Fazit: Dass die sog. „Online-Durchsuchung mehr ist als ein Schlagwort und eben deutlich mehr und Schlimmeres beinhaltet als nur die schnöde Schnüffelei auf fremden PCs per Online-Verbindung, haben nur die beiden Doctores Bunge und Terpe begriffen (bedarf es dafür wirklich einer Promotion ???). Frau Hoffmann hat bisher nicht geantwortet, der Kollege Ahrendt sowie Herr Rehberg produzieren nur Worthülsen - was gerade bei letzterem besonders peinlich ist, stellt er sich doch als Dipl.-Ing. für Informatik und Facharbeiter für Datenverarbeitung vor - ist wohl doch schon lange her. Aber für Copy&Paste reicht’s ja noch. ...

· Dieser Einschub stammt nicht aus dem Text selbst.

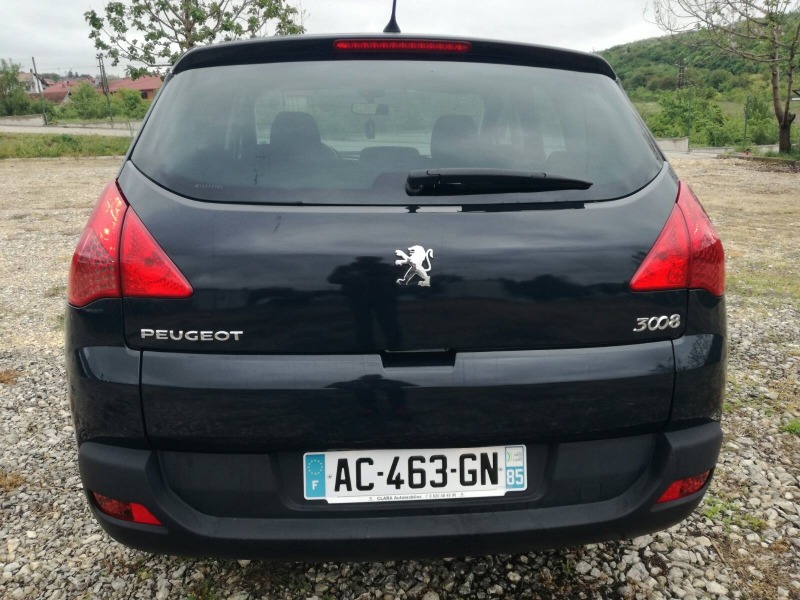 Peugeot 3008 1.6HDI , снимка 6 - Автомобили и джипове - 45440341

P.S. Wer in den Antworten der/seiner Abgeordneten phrasenverdächtigen Text oder Schlagworte entdeckt, diese(n) einfach mal oben rechts in die Suchmaschine bei abgeordnetenwatch eingeben und staunen.

Nachtrag: Auf meine direkte e-mail vom 28.o7.2007 hat sich Frau Hoffmann fast zwei Monate (!) Zeit gelassen, um dann Unverbindliches zu äußern:

Sie sprechen mit Ihrer ersten Frage einen wichtigen Punkt innerhalb der Debatte um Online-Durchsuchung an. Denn bis jetzt ist weder die technische Durchführbarkeit noch die Frage der Notwendigkeit eines solchen Instrumentes abschließend geklärt. Dies bedeutet, dass noch nicht eindeutig festgelegt bzw. dargestellt wurde, für welche Erkenntnisse der Einsatz eines solchen Instrumentes benötigt wird.

Außerdem ist weiterhin offen, ob zur Einführung der Online-Durchsuchung eine einfache gesetzliche Regelung genügt oder ob eine Verfassungsänderung notwendig wäre. Um die Verfassungskonformität zu klären, muss abgewartet werden, wie die Bundesverfassungs-richter in Bezug auf das nordrhein-westfälische Verfassungsschutzgesetz entscheiden.

Zum gegenwärtigen Zeitpunkt kann ich mir aufgrund dieser offenen Fragen noch kein abschließendes Urteil über die Einführung von Online-Durchsuchung bilden. Fest steht, dass der Online-Durchsuchung nur zugestimmt werden kann, wenn die Maßnahmen zur Ge-währleistung der Inneren Sicherheit wirklich notwendig und gleichzeitig praktikabel, verhält-nismäßig und verfassungskonform sind. Dies gilt es in den nächsten Monaten zu klären.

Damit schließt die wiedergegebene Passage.